***** RECORD SET

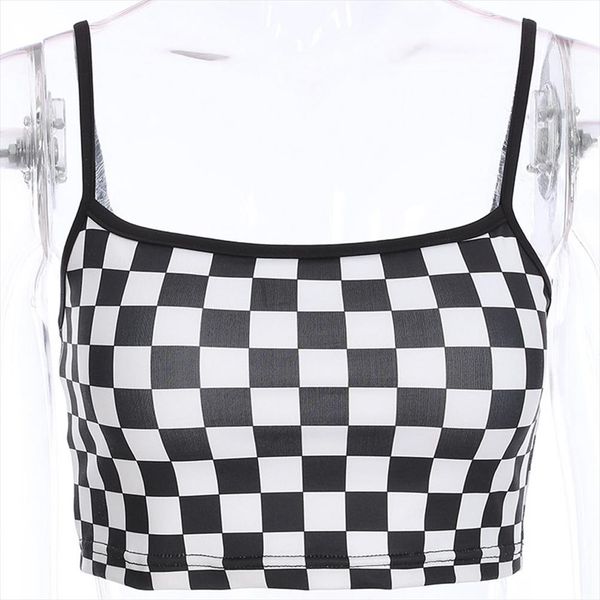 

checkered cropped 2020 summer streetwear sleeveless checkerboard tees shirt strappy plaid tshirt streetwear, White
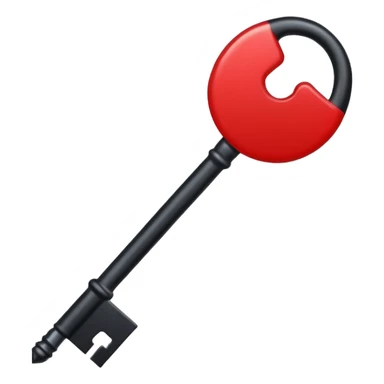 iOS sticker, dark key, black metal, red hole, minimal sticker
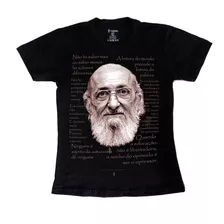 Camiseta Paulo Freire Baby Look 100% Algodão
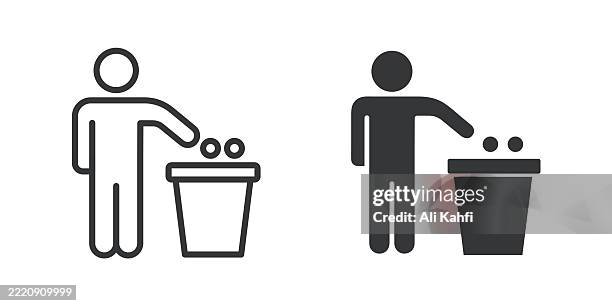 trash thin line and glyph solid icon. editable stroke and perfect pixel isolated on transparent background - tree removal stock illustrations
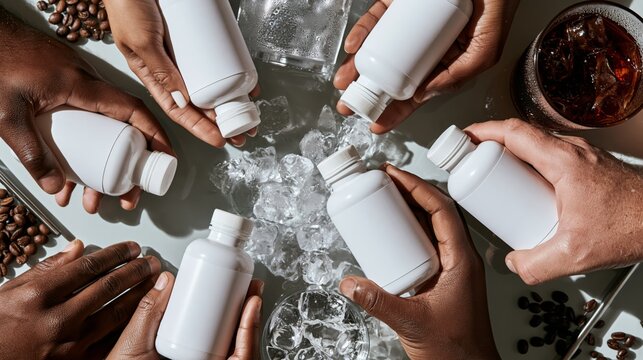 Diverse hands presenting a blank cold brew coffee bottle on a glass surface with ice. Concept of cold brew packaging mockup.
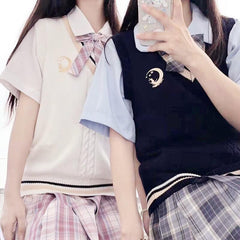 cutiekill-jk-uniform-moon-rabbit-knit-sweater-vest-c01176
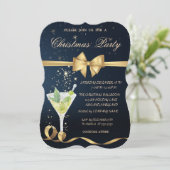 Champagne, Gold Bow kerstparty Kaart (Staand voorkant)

**********
***** RECORD SET

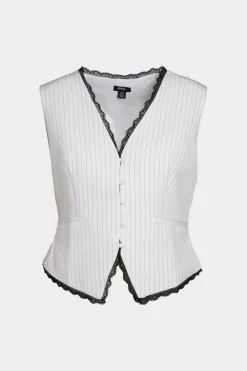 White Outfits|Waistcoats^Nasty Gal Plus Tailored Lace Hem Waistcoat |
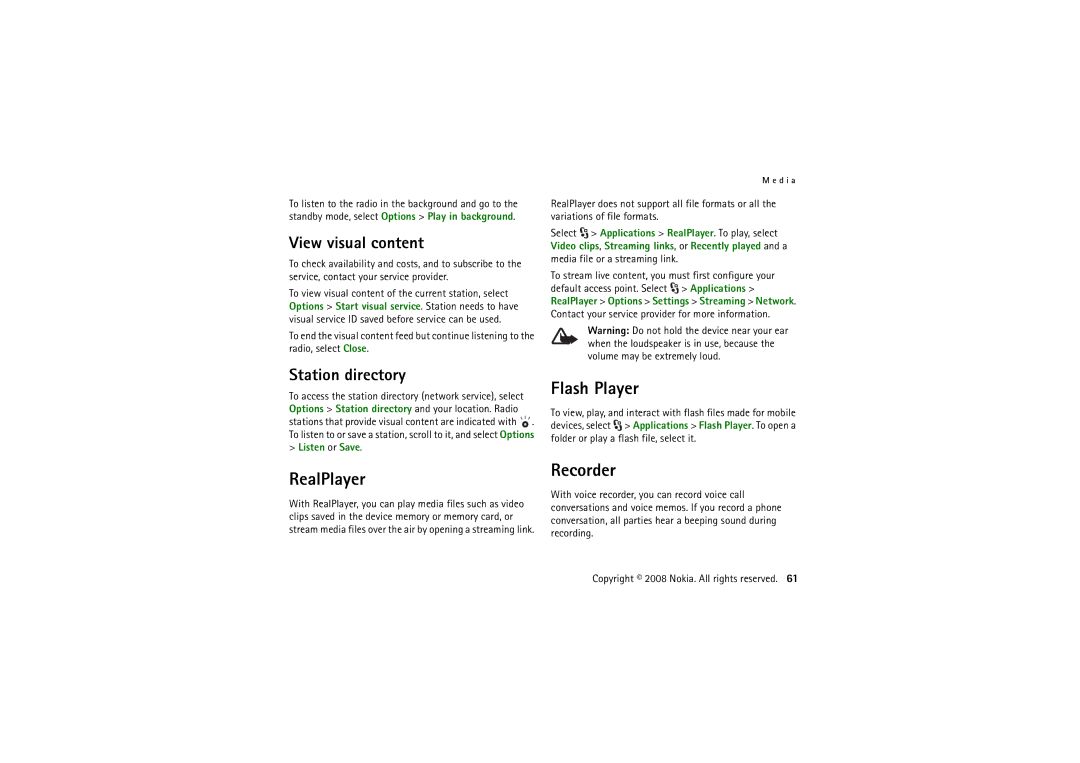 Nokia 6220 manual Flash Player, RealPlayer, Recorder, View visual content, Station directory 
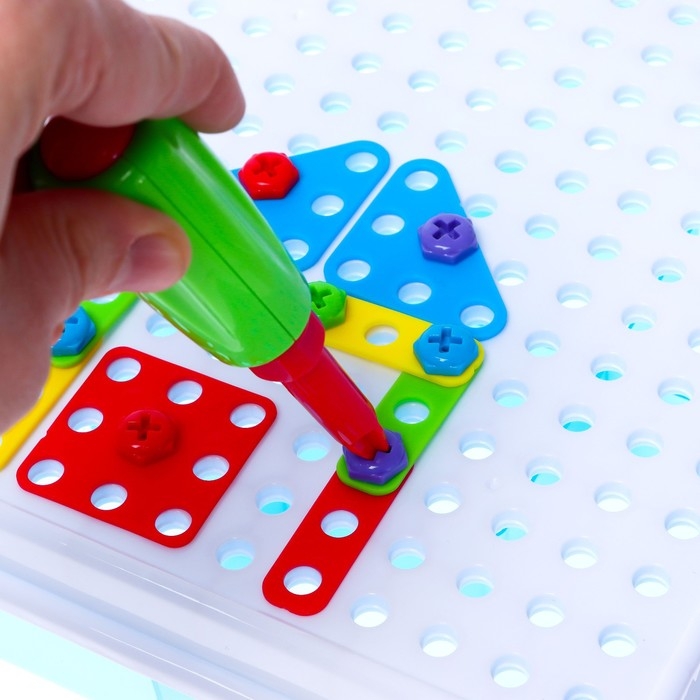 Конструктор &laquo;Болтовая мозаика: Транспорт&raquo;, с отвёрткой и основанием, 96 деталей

**********

▶ _YOUR OBJECTIVE_: Would you copy, word for word, only the lines above from the one containing "checkered cropped 2020" through the one containing "Champagne, Gold Bow", both included, and please leave out the pictures?

▶ _ANSWER TO THIS TASK_:
checkered cropped 2020 summer streetwear sleeveless checkerboard tees shirt strappy plaid tshirt streetwear, White
 iOS sticker, dark key, black metal, red hole, minimal sticker
 Camiseta Paulo Freire Baby Look 100% Algodão
 trash thin line and glyph solid icon. editable stroke and perfect pixel isolated on transparent background - tree removal stock illustrations
 Diverse hands presenting a blank cold brew coffee bottle on a glass surface with ice. Concept of cold brew packaging mockup.
 cutiekill-jk-uniform-moon-rabbit-knit-sweater-vest-c01176
 Champagne, Gold Bow kerstparty Kaart (Staand voorkant)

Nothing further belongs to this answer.